La future Premier ministre thaïlandaise rejoindra cette semaine une longue liste de femmes asiatiques parvenues au pouvoir grâce à leurs liens familiaux. Une tendance qui n'est pas forcément un signe de victoire pour la parité, selon les analystes.

Yingluck Shinawatra, novice en politique, est passée de l'anonymat à la célébrité lorsque son frère, l'ancien Premier ministre en exil Thaksin Shinawatra, l'a propulsée tête-de-liste du parti d'opposition Puea Thai pour les législatives du 3 juillet. En la décrivant comme son clone.

Et cette ascension fulgurante, qui doit faire d'elle vendredi la première Thaïlandaise chef de gouvernement, n'est pas unique en Asie-Pacifique, où beaucoup de femmes sont arrivées au sommet grâce à leur nom, souvent après la mort d'un membre de leur famille.

En 1960, après l'assassinat de son mari, Sirimavo Bandaranaike devient Premier ministre du Sri Lanka. Elle est la première femme au monde à occuper ce poste.

En Inde, Indira Gandhi suit les traces de son père Jawaharlal Nehru, comme la Pakistanaise Benazir Bhutto et l'Indonésienne Megawati Sukarnoputri.

Et la Birmane Aung San Suu Kyi aurait également repris le flambeau de son père, héros de l'indépendance, si la junte avait accepté sa victoire aux élections de 1990.

Mais selon les analystes, ce phénomène est plus lié à l'hégémonie de dynasties politiques dans la région qu'à une amélioration de l'égalité homme-femme.

Les femmes asiatiques traditionnelles ne «sont pas supposées être des leaders politiques» dans une région dominée par une culture patriarcale «macho», commente Paul Chambers, chercheur à l'université Payap de Chiang Mai, en Thaïlande.

Mais des partis politiques «sous-développés» laissant des familles puissantes dominer ont créé des opportunités pour des femmes. En dernier recours.

Ces dynasties préfèrent faire confiance à leur famille, mais «quand des hommes chef de parti n'ont pas de parent masculin disponible, ils se tournent vers leurs filles», ajoute-t-il.

Certains hommes sont aussi parvenus au pouvoir de cette façon, tempère Bridget Welsh, professeur de sciences politiques à Singapour.
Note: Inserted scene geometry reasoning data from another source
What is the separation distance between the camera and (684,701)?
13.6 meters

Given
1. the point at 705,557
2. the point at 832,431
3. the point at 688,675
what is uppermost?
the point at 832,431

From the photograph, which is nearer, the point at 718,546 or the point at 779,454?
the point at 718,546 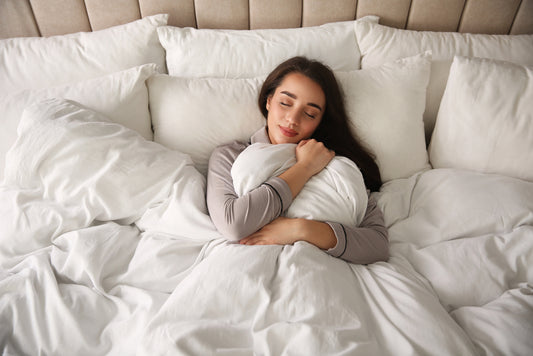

Comme le mari de Bhutto, Asif Ali Zardari, actuel président pakistanais.

Les dynasties politiques existent aussi ailleurs, mais l'Asie manque singulièrement de femmes étant parvenues au sommet d'une autre manière.

En Thaïlande, la victoire de la photogénique femme d'affaires Yingluck, accompagnée du slogan «Thaksin pense, le Puea Thai fait», a été vue plus comme celle de son frère que comme une avancée du féminisme.

Et si les Thaïlandaises occupent des places de choix dans le monde des affaires, elles n'étaient que 13% dans l'assemblée nationale issue des précédentes élections de 2007, selon l'Union interparlementaire.

Alors que la moyenne est de 19,5% dans le monde et de 18,3% en Asie, selon cette organisation des parlements du monde.

Avoir une femme à la tête du pays ne garantit pas non plus un changement d'état d'esprit des populations.

Ainsi, malgré leur histoire de femmes fortes au pouvoir, plus de 50% des Pakistanais et des Bangladais estiment que les hommes sont de meilleurs dirigeants, selon une étude de 2007 du Pew Research Centre.

«L'Asie n'a pas encore eu sa Margaret Thatcher», commente Chambers en référence à l'ancienne Premier ministre britannique.

Mais les choses changent malgré tout, petit à petit.

Par exemple à Taïwan, la leader de l'opposition Tsai Ing-wen, sans soutien familial, est candidate à l'élection présidentielle de janvier 2012.

«Ayant vu des femmes dirigeantes, les électeurs asiatiques sont de plus en plus susceptibles d'accepter de plus en plus de femmes politiques. Alors le temps est venu pour une présence féminine plus importante dans la politique asiatique», prédit Chambers.